There are nearly 150,000 road-related casualties each year, from fender-benders to life-threatening situations; even the lightest of accidents, though, bring a new dimension of difficulty in the form of cost. What are some of the key costs relating to the incidence of a road traffic incident?

Insurance Premiums

One of the bigger financial costs that a victim of a car accident will notice is an ongoing one, in the form of a shift in their insurance premiums. Where someone is at fault in an accident, the insurance claims that other parties place will be paid by their insurance policy, and result in a perceived increase in financial risk to the company. As such, insurance rates go up.

Even in the event that an accident is not the fault of a given driver, insurance companies may make the assumption that the victim is of higher risk of experiencing another accident in the future. As such, even where claims aren’t made, the cost can increase.

Out-of-Pocket Costs

Insurance costs are by no means the only costs that can be impacted by an accident. While insurance swallows the majority of immediate costs relating to an accident (generally followed by the aforementioned increase in premiums), there are uninsured costs that also emerge from an accident, which must be paid out of pocket.

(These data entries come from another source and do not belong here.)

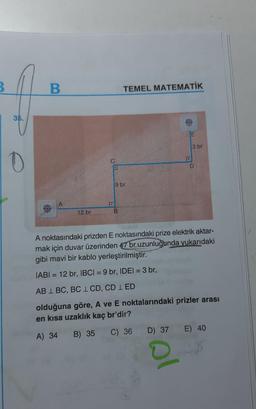 3
B.
TEMEL MATEMATİK
35.
JE
3 br
1
0
D
9 br
12 br
B
A noktasındaki prizden E noktasındaki prize elektrik aktar-
mak için duvar üzerinden 47 br uzunluğunda yukarıdaki
gibi mavi bir kablo yerleştirilmiştir.
IABI = 12 br, IBCI= 9 br, IDEI = 3 br,
AB 1 BC, BC 1 CD, CD 1 ED
olduğuna göre, A ve E noktalarındaki prizler arası
en kısa uzaklık kaç br'dir?
A) 34
B) 35
C) 36 D) 37 E) 40
al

These costs can vary widely, and can also be recouped in other ways – such as civil action against the person at fault. These might involve private healthcare costs, additional costs relating to alternative transport while a car is being repaired, or even certain repair costs that an insurance company simply will not cover. 

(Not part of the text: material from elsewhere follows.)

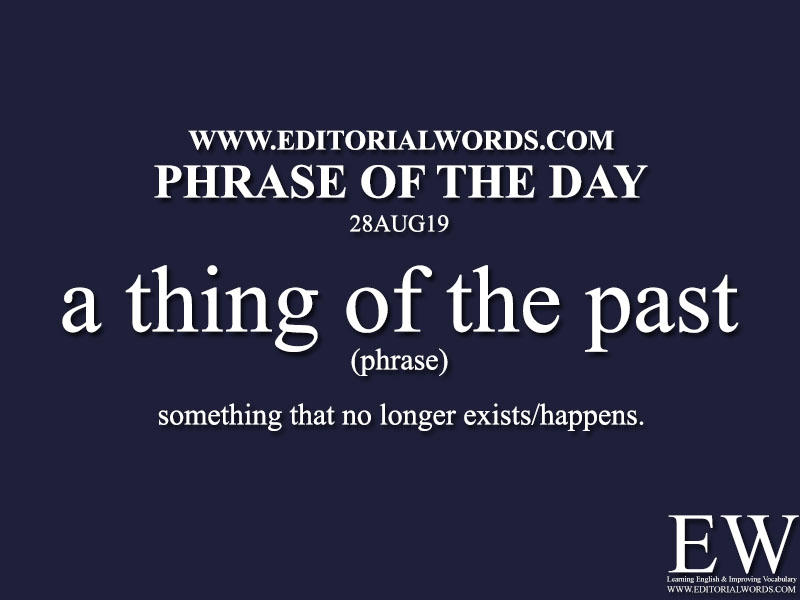 Phrase of the Day-28AUG19-Editorial Words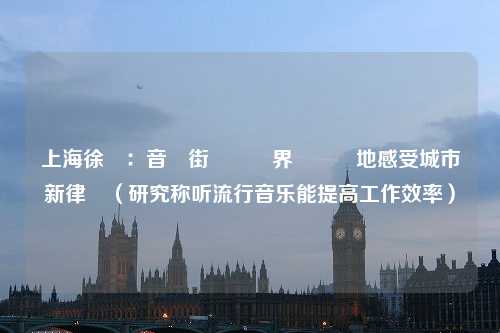 上海徐匯：音樂街區無邊界隨時隨地感受城市新律動（研究称听流行音乐能提高工作效率）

Vehicle Value Depreciation

Vehicle repairs after an accident are not the end of the story for the vehicle or for the potential cost consequences of a car accident. In instances where extensive repairs are required, where repairs are somewhat bodged, or even the type of repairs required is not well documented by the necessary parties, the vehicle itself can suffer value-wise. Refurbished vehicles attract a low resale price on the market, as do vehicles with murky repair histories; as such, someone who suffered a car accident may not be able to fetch as much as they’d hoped for their vehicle in the future. 

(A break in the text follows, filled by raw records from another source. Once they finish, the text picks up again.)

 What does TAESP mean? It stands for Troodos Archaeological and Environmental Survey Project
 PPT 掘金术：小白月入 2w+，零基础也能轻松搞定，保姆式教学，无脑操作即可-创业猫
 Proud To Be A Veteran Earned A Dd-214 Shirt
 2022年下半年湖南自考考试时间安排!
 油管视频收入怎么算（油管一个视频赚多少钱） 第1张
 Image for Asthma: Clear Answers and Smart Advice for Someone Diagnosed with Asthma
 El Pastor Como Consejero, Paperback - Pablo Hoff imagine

Loan Repayments, and Negative Equity

If a driver does not outright own the vehicle they endured an accident in, there is a significant financial risk. Leased or financed vehicles, especially new ones, represent a large financial outlay which can be lost entirely in write-off situations. 

Gap insurance is designed to cover the total value of these arrangements above market price, and is a powerful tool against the key risk present here: that of ‘negative equity’. Negative equity describes situations where the amount left to pay on a finance agreement is larger than the value of the financed article; where a car is totalled and its value decimated, owners can be saddled with debts for a car that functionally no longer exists.